Extract text, glyphs, words and metrics from PDF documents with PHP

SetaPDF-Extractor

Extract text, glyphs, words and metrics from PDF documents with PHP

Downloads and Changelogs of the SetaPDF-Extractor

The following table will show you all changelogs and available downloads of the SetaPDF-Extractor component.
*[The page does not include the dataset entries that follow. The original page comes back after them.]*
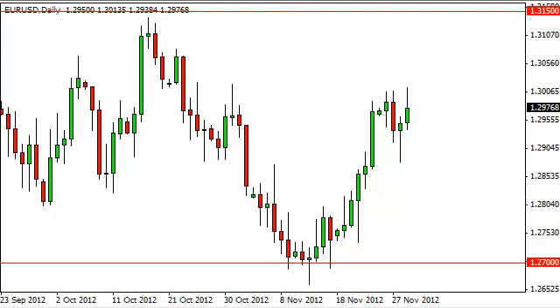EURUSD daily forecast November 30th, FXEmpire.com. The EURUSD pair rose during the session on Thursday but, as you can see, gave up about half of its gains to form not quite a shooting star, but something that looks quite a bit like one.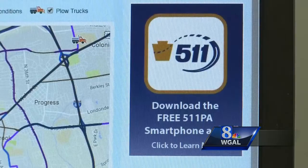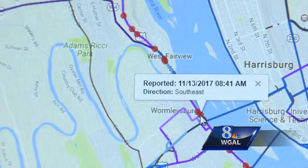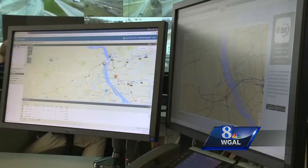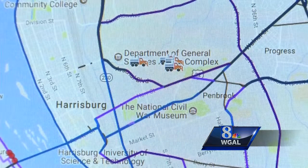511pa.com is a site that's been provided by the department for the public, where they're able to track a truck — whether it went down their street or if it went across the interstate — and know that their travels are hopefully safe, that we're putting product down or that we're plowing the roadways.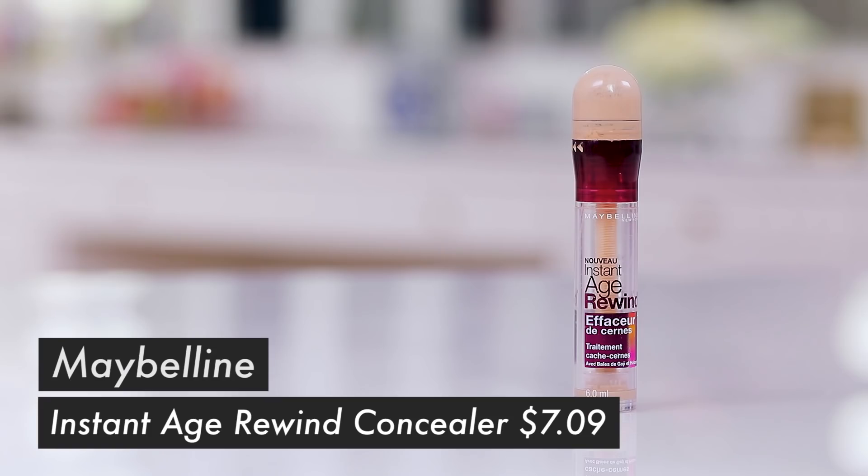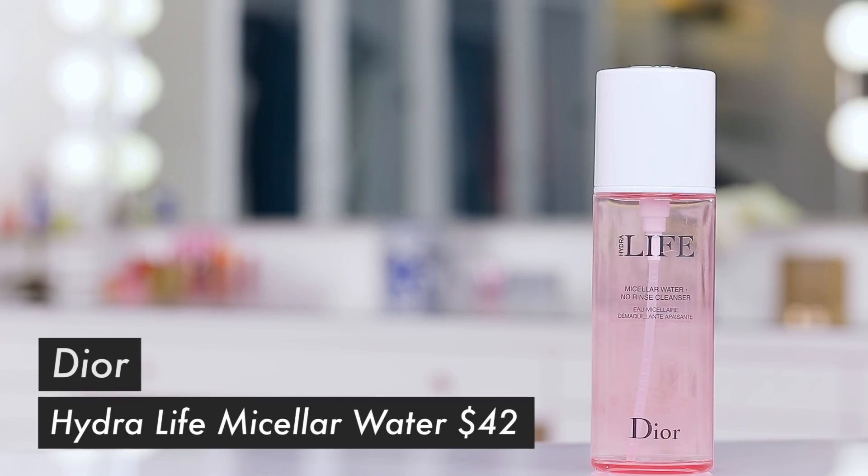Another nice thing about these Pixi bottles: if you have a setting spray you love but the mist isn't as good as you'd like, you can actually fill this bottle with another spray — the mister on here is just like almost like steam, it's perfect and doesn't splatter or ruin your makeup. Highly recommend. I also finally got more of my Maybelline Instant Age Rewind concealer in the Neutralizer shade — the yellow tone in the neutralizer really cancels out my dark circles. Love that.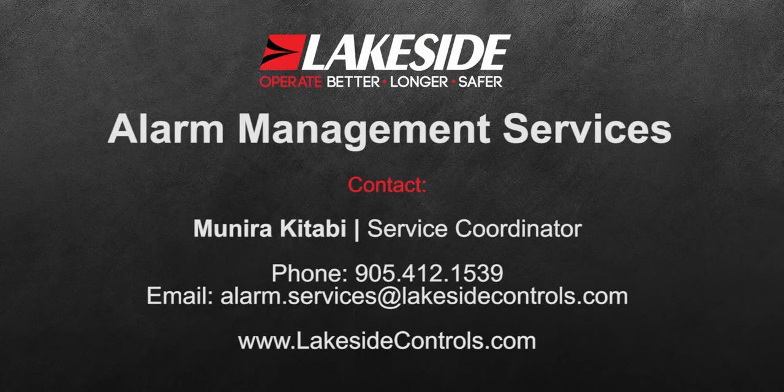For more information, and to see an in-depth demonstration of these alarming techniques, please visit lakesidecontrols.com today.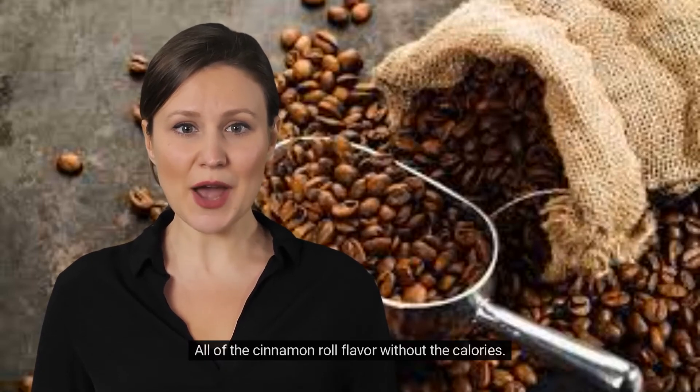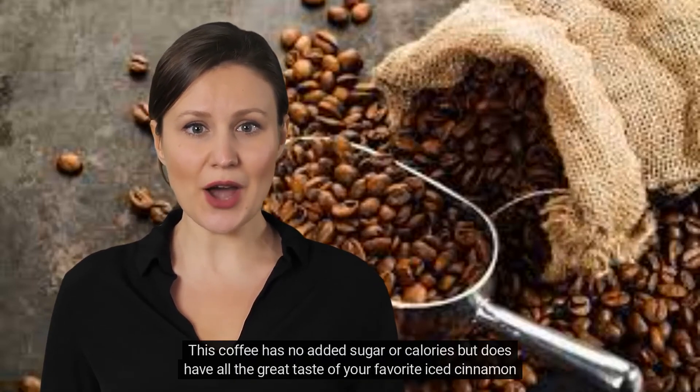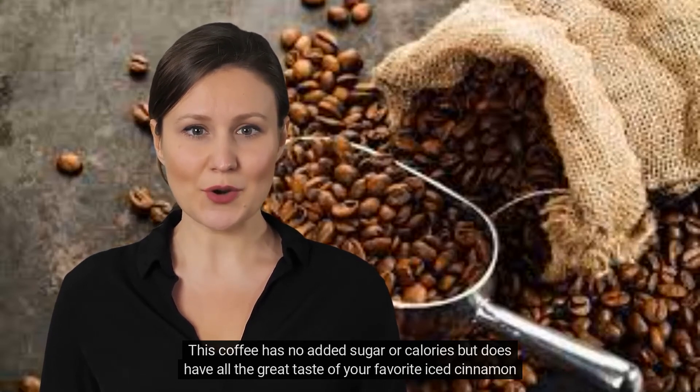Cinnabon coffee is a medium roast. All of the cinnamon roll flavor without the calories. This coffee has no added sugar or calories but does have all the great taste of your favorite iced cinnamon roll.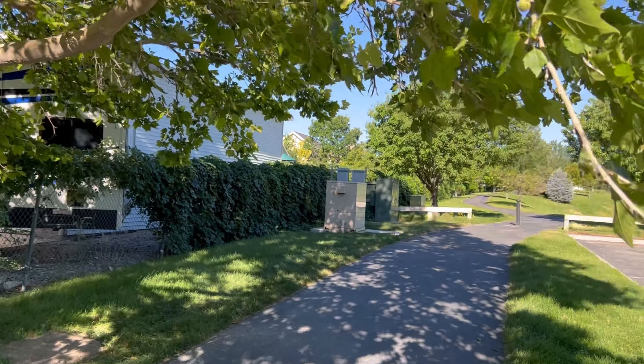This park is right in the neighborhood — kind of hidden. If you want to get your exercise, you can run the paved trail that goes around the park. You can also skateboard or ride a bicycle here. I can see some people rollerblading over here as well.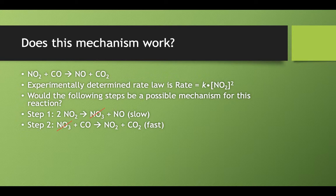Our NO3 is an intermediate — it gets made in step one and then gets canceled out in step two. In addition, one of the NO2 molecules on the left-hand side gets canceled out by the NO2 on the right-hand side, so we only have one NO2 left over. So if we add together step one and step two, what we'd have left is nitrogen dioxide and carbon monoxide as reactants, and nitrogen monoxide and carbon dioxide as products. So far so good.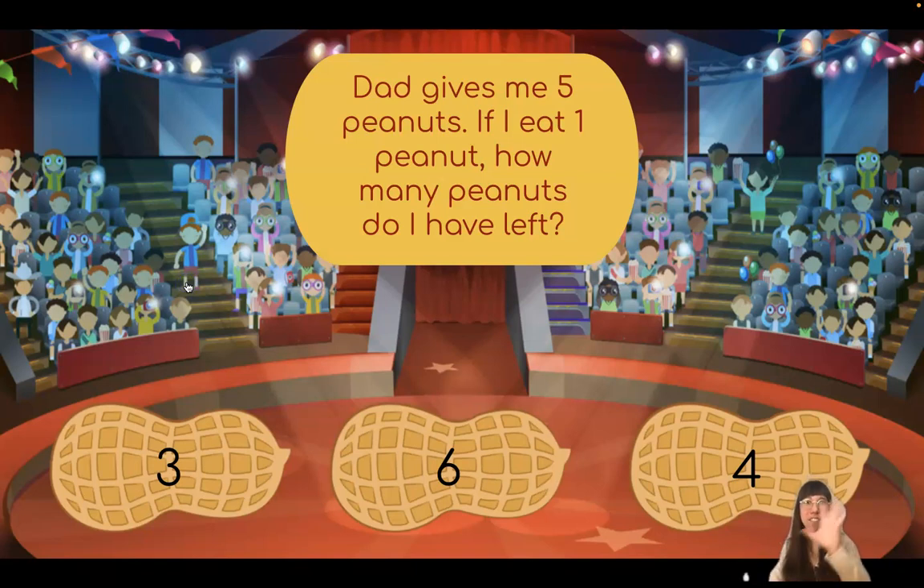Dad gives me five peanuts. If I eat one peanut, how many peanuts do I have left? Let's see if we can use our fingers to help us. I have five peanuts. Now I'm going to eat one. How many peanuts do I have left? Let's count. One, two, three, four. I have four peanuts left over.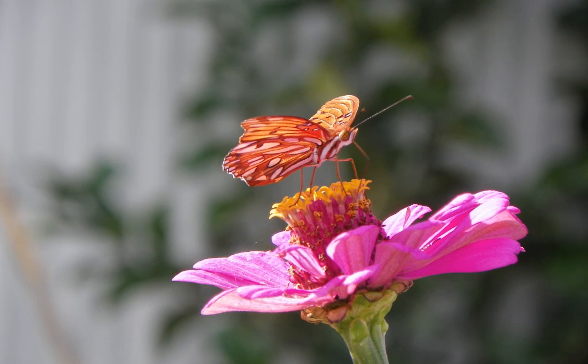This is a fritillary butterfly. It's midsummer, enjoying basking in the sun a little bit on this zinnia. So zinnias make really good flowering attractors for butterflies.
A full overview of all your licenses is available in your personal Pickup Depot.

SetaPDF-Extractor

Version 2.48.0.2155

Release date: 2025-06-19
SetaPDF-Extractor Component
Feature
  • Added Extractor::getResultByPage() method.
  • Added getResultByTextItems() method to all available strategies to allow filtering a result several times.
  • Added Extractor::getTextItemsByPage() method.
Bugfix
  • Fixed infinite loop through circular references in form XObjects.
Tweak
  • Changed all internal used class names to new namespaced variation.
SetaPDF-Core Component
Feature
  • Added support for Tiff predictor (only 8 bits-per-component).
Bugfix
  • Fixed cleanup of XMP packet wrapper.
  • Fixed creation of compressed object streams for new created objects.
  • Fixed behavior in creation of object streams with objects of foreign document instances which are referenced later again.
  • Ensure a stream object in Page::toXObject() to prevent "__clone method called on non-object" error (raised only in faulty documents).
Tweak
  • Changed all internal used class names to new namespaced variation.
  • Moved Kids array in tree structures into an indirect object instead of a direct object.
  • Cache IDTree instance in StructTreeRoot class.
  • Removed unnecessary memoization of cross-reference entries to save memory.
  • Optimized the creation of compressed cross-reference streams in view to memory consumption.
  • Changed parsing of hex strings to a token-based form to ignore whitespaces and comments directly.